• YOUR INSTRUCTIONS: The full listing is to be transcribed exactly, with each picture left out.

Start of DATASET EXTRACT

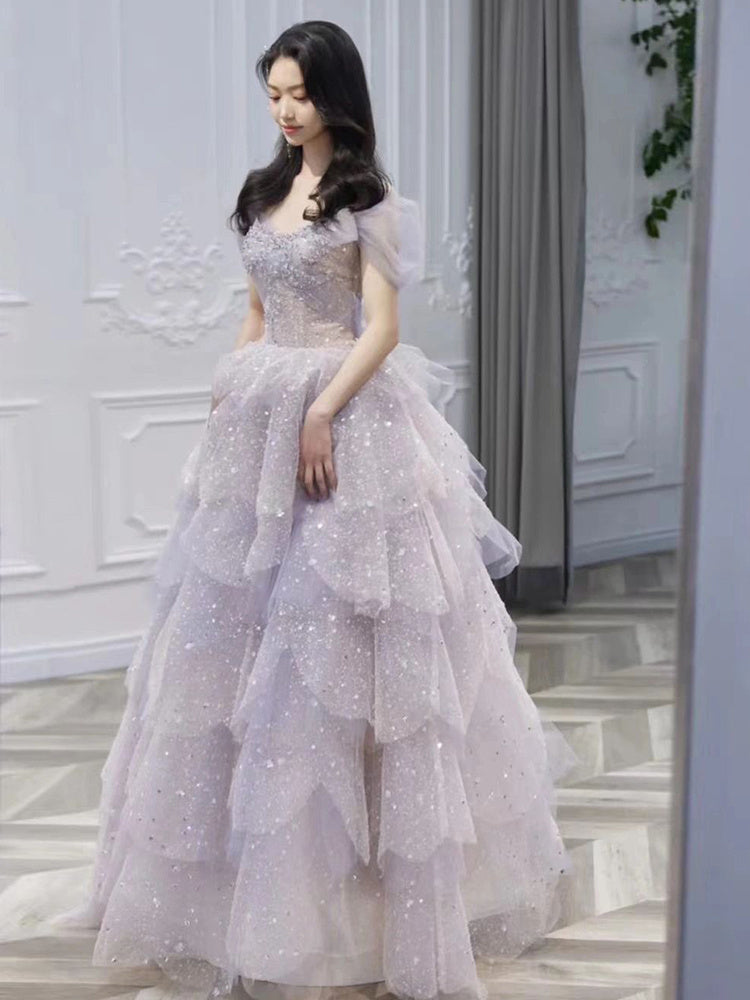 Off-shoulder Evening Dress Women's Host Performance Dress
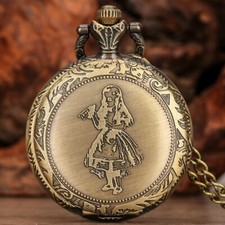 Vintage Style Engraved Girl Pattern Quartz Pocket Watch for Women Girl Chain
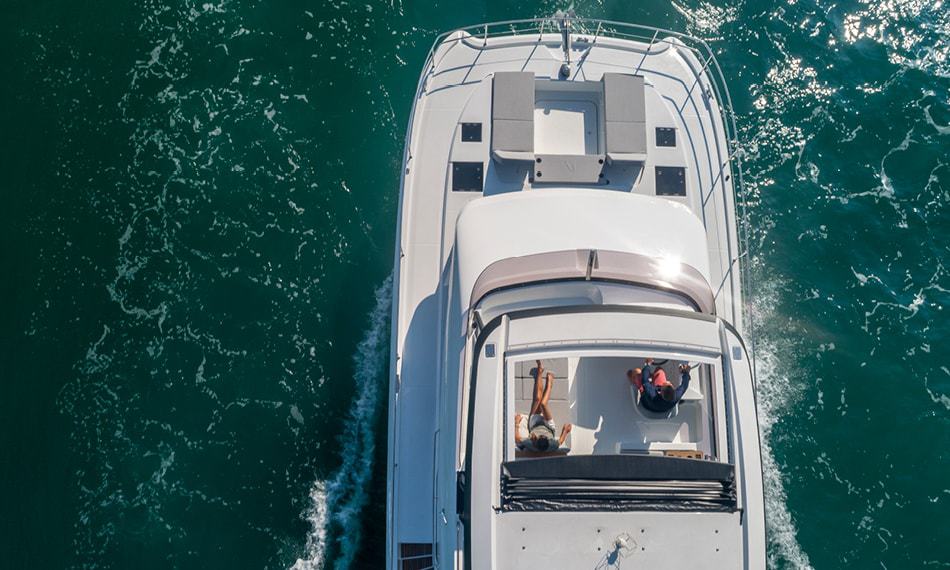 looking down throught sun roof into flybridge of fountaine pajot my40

End of DATASET EXTRACT

• RESULT:
 Off-shoulder Evening Dress Women's Host Performance Dress
 Vintage Style Engraved Girl Pattern Quartz Pocket Watch for Women Girl Chain
 looking down throught sun roof into flybridge of fountaine pajot my40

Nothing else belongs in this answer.